Más allá del horizonte desde el cual se lean sus obras, hay un juez más implacable: la cancelación. Pronto el silencio de la conmoción se evaporó y sus lectores y colegas comenzaron a ensayar una catarata de preguntas, no sobre el abusador, sino sobre la propia Munro. ¿Se debería seguir leyendo a esta autora, ícono del feminismo, incapaz de proteger a una víctima de abuso? ¿De qué modo el juicio moral que poseemos sobre un autor obnubila nuestra juicio intelectual sobre su obra? ¿Sobrevivirá su memoria y legado a la noticia de esta aberración en la que la Justicia condenó a Fremlin?
La cancelación ha hecho estragos, incluso con poetas sagrados, como es el caso de Pablo Neruda. ¿Se quitarán los textos de Munro de programas académicos como ocurrió con el escritor chileno, tras la condena social por el abandono de su hija con hidrocefalia y la relevancia que cobró la violación a una joven Ceilán, hecho que narró en Confieso que he vivido? ¿Cómo nos sumergimos hoy a la obra de Amos Oz, cuya hija narró los abusos físicos y psíquicos que padecía por parte de un intelectual que predicaba la tolerancia y escribía contra el fanatismo? ¿Es posible hoy referirnos a Dickens, quien retrató la pobreza y la marginalidad de la Revolución Industrial, sin pensar en la joven que adoptó para satisfacer sus propios apetitos? Quizá es ya hora de dejar de pensar en los autores como estandartes de la moralidad, solo porque sus personajes luchen contra las injusticias o las padezcan.
¿Por qué alguien que escribe con virtuosismo sobre las emociones más exquisitas y sobre la complejidad de los vínculos de modo sabio debería aplicarlo a su propia vida? ¿Cómo es posible que esa mujer de rostro angelical que sonríe cándida a la cámara haya tomado partido por un monstruo? Las malas madres, tan diferentes a las criaturas que Munro construyó, existen, y su fragilidad las convierte en crueles cómplices. Su literatura rural, doméstica, exploradora de universos góticos y femeninos, cobra hoy otros matices y podría ser leída como un intento de exorcismo de sus propios demonios. Nuestras interpretaciones son libres y, verdad de Perogrullo, hay tantas lecturas posibles como lectores. Pero, ¿dejar de leer a Munro no implicaría también cancelar a la víctima, volver a silenciar a Skinner? ¿Cancelar a Munro no conlleva también sepultar un debate sobre los contextos enfermos que generan los psicópatas?

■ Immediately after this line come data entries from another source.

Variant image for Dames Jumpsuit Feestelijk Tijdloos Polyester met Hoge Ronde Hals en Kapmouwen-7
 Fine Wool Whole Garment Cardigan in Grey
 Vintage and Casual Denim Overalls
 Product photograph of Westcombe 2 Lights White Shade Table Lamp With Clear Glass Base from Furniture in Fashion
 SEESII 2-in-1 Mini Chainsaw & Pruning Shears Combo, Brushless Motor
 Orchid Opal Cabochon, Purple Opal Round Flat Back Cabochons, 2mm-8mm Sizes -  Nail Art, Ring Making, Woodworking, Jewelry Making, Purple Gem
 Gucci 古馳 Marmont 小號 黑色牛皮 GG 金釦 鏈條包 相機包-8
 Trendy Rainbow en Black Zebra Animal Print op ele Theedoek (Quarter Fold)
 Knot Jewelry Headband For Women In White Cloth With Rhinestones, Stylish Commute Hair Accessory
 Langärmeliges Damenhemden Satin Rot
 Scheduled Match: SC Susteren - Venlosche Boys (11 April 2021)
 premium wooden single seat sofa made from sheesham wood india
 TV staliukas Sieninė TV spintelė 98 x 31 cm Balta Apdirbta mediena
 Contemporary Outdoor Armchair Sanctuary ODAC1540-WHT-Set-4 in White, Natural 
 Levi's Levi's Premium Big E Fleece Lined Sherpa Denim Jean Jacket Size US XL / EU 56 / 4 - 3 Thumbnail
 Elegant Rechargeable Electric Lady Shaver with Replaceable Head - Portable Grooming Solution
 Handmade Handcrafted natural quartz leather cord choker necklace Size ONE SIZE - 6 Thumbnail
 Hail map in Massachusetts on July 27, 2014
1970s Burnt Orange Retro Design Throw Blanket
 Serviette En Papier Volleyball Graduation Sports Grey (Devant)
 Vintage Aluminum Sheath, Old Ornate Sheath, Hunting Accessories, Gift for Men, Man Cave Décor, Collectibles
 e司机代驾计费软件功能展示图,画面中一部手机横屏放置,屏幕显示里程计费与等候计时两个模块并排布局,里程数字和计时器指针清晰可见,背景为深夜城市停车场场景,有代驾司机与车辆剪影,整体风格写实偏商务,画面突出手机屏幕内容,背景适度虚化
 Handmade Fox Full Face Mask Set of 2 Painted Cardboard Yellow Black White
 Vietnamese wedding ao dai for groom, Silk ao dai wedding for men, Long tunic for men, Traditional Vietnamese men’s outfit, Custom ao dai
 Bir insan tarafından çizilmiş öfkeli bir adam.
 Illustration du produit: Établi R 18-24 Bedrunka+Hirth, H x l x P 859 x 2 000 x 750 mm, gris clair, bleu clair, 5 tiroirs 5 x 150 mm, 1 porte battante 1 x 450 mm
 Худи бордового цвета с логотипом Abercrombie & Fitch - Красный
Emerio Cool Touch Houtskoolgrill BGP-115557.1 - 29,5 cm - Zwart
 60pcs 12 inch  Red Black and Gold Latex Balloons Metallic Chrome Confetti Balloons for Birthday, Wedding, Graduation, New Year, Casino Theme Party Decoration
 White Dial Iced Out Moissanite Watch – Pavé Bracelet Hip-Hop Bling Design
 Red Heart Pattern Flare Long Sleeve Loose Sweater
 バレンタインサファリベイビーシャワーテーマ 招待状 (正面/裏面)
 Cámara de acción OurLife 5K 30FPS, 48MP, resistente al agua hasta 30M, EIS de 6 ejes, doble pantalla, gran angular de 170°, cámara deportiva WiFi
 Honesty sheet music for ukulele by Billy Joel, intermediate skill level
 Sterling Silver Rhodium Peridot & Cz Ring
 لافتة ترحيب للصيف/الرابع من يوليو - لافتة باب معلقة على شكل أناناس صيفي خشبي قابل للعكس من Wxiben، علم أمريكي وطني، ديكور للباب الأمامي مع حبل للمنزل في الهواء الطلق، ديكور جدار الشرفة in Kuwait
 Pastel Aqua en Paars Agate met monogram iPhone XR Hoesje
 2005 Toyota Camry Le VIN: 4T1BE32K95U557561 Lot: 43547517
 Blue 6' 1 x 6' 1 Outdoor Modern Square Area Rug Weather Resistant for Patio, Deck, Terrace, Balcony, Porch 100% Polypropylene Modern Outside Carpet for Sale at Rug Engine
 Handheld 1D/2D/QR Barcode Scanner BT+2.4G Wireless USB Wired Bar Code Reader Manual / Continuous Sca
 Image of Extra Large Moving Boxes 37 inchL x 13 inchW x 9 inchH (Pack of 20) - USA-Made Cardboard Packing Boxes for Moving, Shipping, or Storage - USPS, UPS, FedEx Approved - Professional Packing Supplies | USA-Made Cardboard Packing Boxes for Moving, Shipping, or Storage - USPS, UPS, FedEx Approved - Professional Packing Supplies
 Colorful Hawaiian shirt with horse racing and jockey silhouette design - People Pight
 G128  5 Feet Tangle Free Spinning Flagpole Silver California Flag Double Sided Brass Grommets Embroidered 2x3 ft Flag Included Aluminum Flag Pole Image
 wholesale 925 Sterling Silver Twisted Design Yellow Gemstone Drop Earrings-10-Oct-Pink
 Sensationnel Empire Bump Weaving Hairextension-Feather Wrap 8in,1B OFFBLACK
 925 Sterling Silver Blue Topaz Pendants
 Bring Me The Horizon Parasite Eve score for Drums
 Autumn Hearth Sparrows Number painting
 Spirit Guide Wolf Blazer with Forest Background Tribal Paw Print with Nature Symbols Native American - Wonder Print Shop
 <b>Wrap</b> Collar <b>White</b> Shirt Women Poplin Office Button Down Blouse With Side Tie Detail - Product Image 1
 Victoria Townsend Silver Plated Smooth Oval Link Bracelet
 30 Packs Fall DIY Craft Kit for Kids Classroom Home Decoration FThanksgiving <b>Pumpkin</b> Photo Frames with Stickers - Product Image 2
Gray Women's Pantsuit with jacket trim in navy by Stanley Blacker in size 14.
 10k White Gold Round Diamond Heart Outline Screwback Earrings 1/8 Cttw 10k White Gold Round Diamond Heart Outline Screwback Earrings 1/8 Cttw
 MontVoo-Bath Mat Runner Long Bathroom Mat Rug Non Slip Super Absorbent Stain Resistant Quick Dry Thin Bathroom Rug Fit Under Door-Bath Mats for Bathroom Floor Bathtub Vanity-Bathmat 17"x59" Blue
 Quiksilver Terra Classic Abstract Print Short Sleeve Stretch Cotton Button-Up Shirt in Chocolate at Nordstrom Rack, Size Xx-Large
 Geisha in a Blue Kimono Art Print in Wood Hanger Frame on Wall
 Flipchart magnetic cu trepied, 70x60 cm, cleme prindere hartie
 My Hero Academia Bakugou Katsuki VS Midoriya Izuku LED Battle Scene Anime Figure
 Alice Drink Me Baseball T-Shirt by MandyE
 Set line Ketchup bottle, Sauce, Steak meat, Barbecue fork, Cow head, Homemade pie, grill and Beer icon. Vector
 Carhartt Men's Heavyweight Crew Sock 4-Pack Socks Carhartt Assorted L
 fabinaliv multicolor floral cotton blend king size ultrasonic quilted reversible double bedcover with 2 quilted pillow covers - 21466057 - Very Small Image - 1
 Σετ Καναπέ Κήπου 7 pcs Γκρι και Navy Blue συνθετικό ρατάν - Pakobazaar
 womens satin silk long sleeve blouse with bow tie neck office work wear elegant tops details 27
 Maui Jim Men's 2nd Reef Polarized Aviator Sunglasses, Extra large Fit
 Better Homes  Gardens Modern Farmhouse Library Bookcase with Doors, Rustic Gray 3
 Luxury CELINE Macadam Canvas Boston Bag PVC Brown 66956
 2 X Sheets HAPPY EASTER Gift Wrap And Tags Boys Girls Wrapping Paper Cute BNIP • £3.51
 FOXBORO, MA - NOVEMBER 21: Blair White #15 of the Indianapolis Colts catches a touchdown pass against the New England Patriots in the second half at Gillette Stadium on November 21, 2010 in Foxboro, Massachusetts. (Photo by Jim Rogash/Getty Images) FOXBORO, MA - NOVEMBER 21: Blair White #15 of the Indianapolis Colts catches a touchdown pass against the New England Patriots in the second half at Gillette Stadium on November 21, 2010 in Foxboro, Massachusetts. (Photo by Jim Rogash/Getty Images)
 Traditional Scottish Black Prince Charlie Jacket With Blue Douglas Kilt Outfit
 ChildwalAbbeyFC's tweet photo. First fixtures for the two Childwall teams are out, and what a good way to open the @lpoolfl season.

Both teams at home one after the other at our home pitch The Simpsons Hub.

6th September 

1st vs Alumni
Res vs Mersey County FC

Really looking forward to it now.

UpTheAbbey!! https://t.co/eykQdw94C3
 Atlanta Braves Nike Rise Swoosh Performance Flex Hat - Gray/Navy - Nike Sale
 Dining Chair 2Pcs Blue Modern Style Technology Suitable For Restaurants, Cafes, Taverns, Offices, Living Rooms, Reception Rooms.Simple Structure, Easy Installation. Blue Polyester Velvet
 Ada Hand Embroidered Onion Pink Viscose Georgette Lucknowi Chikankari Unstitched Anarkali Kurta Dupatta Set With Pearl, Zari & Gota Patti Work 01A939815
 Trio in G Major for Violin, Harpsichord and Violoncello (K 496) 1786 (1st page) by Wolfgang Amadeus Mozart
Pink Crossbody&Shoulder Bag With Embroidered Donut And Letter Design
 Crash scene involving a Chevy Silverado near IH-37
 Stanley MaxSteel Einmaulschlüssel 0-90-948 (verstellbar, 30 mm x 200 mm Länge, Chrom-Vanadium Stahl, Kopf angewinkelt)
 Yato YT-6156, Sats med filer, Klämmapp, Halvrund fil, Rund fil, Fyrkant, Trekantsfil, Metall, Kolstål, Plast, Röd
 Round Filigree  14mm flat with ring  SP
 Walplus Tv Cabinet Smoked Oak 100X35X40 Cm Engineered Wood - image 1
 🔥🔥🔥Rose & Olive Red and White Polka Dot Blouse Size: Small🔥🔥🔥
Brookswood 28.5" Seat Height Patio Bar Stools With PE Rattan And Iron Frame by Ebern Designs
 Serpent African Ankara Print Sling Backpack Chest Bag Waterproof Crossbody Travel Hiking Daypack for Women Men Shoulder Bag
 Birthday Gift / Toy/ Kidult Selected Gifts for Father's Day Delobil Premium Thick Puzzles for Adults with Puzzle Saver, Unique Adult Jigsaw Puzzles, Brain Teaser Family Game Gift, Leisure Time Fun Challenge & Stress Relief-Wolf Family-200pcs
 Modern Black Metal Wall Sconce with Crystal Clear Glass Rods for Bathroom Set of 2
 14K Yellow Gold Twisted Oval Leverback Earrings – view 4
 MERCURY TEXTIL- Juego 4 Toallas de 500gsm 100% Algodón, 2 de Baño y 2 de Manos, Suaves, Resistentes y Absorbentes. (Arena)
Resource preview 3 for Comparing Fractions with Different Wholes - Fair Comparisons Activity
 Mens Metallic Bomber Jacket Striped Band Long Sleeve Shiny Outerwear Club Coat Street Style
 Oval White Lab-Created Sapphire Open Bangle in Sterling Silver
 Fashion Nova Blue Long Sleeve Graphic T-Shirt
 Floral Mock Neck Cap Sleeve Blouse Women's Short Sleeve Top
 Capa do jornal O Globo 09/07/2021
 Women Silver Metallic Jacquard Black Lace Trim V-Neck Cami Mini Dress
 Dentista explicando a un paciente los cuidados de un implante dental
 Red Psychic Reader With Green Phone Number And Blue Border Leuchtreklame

Otra vez se regresa al candente debate sobre la autonomía de la obra de arte sobre el creador. Juan Villoro señala, en un estudio sobre Crónica de una muerte anunciada, que los –buenos— personajes tienen tres dimensiones: una vida pública, una vida privada y una vida íntima. Munro tenía destreza para controlar las dos primeras, a partir de sus propios escritos y de la biografía que realizó Robert Thacker, Writing Her Lives, quien conocía los hechos, pero decidió omitirlos de su libro, pues concernían —consideró— a “un desacuerdo familiar”. Munro, tan meticulosa en la imagen que construyó de sí misma, siempre con las riendas de la narración, no pudo dominar este último capítulo.